In 1873, work commenced on a double-canoe called Ramarama at Somosomo, which was 99 ft in length with a crew of 50 paddlers, although the vessel could carry an additional 200 warriors. Her steer oars were 34. ft. The builders included Manase Gauamo, an expert Tongan canoe maker, who worked for five years to complete Ramarama. The double-canoe was built for the Tui Cakau, who later gave Ramarama to Seru Epenisa Cakobau. The double-canoe made three voyages to Tonga.

== Famous persons from Somosomo ==
Fiji's first President, Penaia Ganilau, was Tui Cakau and therefore a native of Somosomo.

Chief Komaibatiniwai was from the noble family of Somosomo.

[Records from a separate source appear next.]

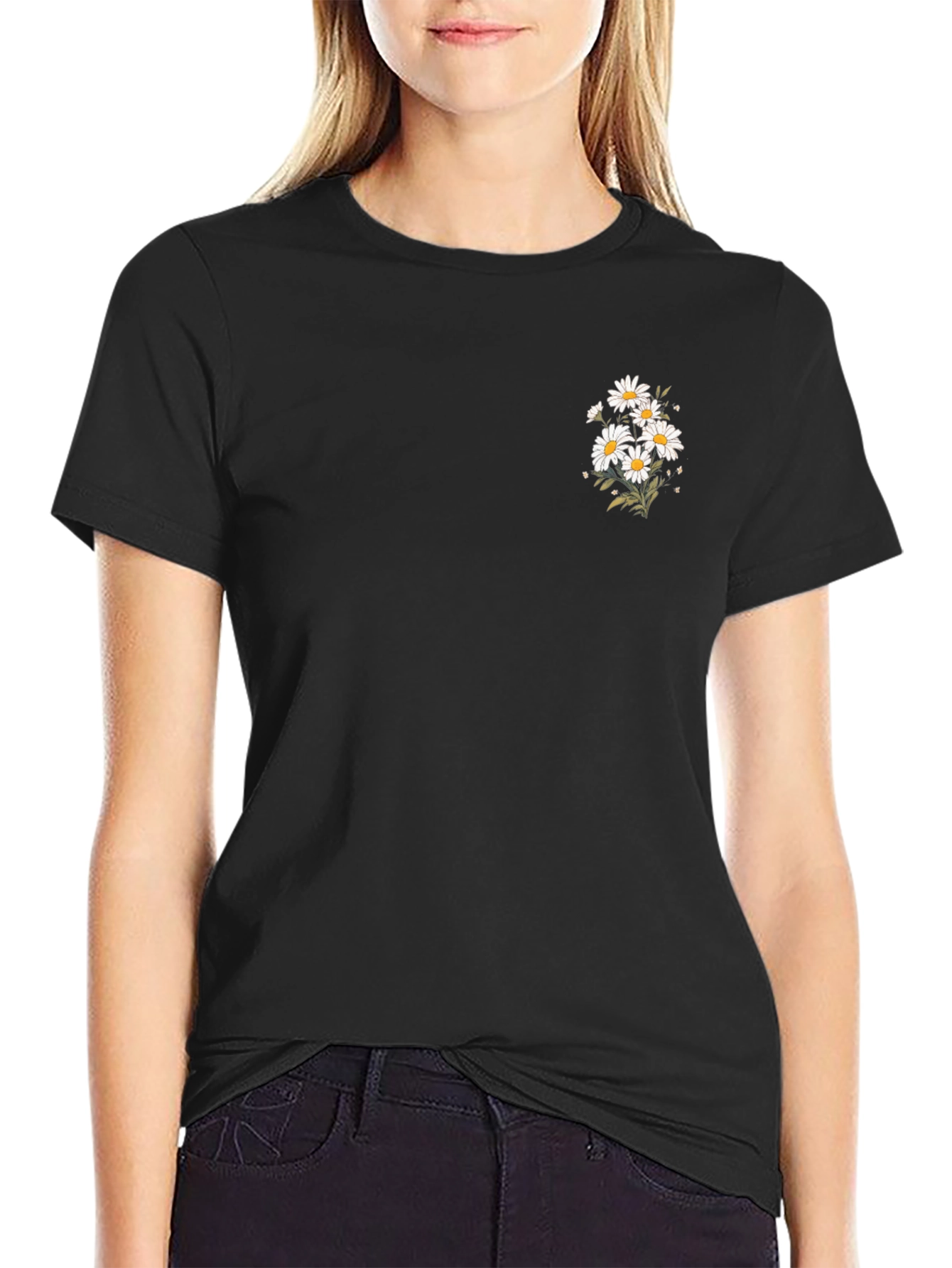Black Black T-Shirt with Daisy Graphic view 2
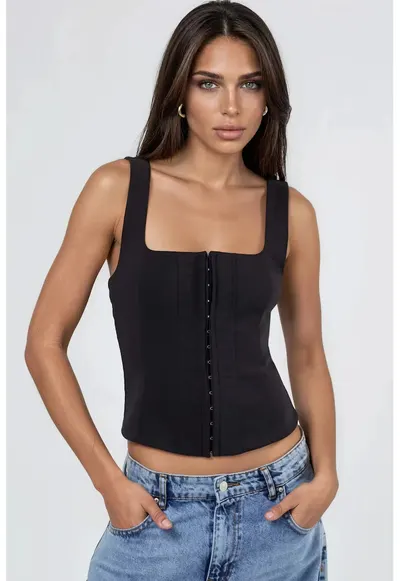 Top scurt - elegant - negru - bumbac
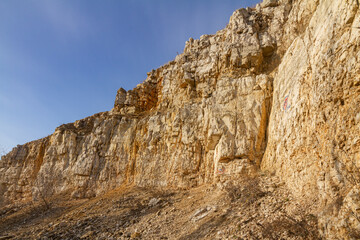 Rocky limestone wall on Tsarevo Kurgan near the city of Samara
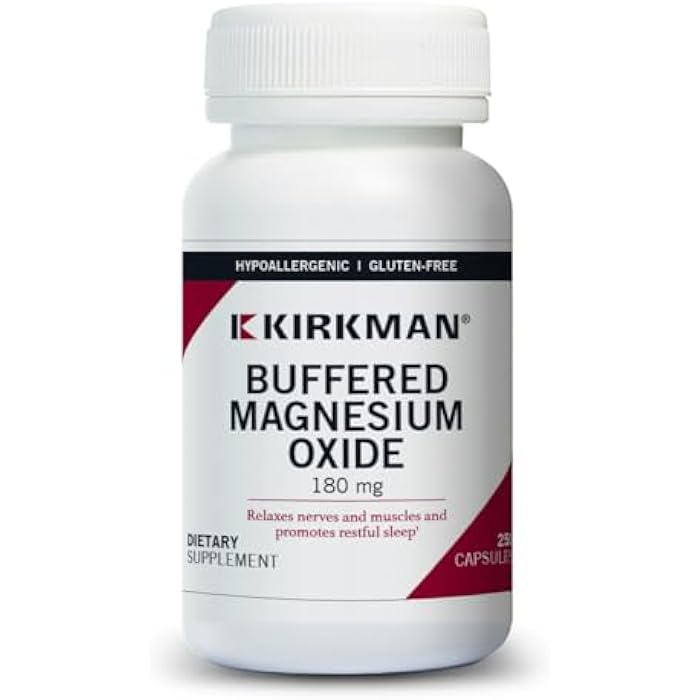 Kirkman Buffered Magnesium Oxide, 180 mg, 250 Capsules, Kirkman Labs - Image 1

Rugby league player Semi Radradra hails from the village.

== Mythology ==
According to the myth, the god who ruled over this village is Qurai. There is a short discussion of traditional religion as practiced on Somosomo in J. G. Frazer's famous work, The Golden Bough. Frazer describes belief in a continuity of divine nature between humans and deities, in which certain priests and chiefs were considered to be "sacred persons."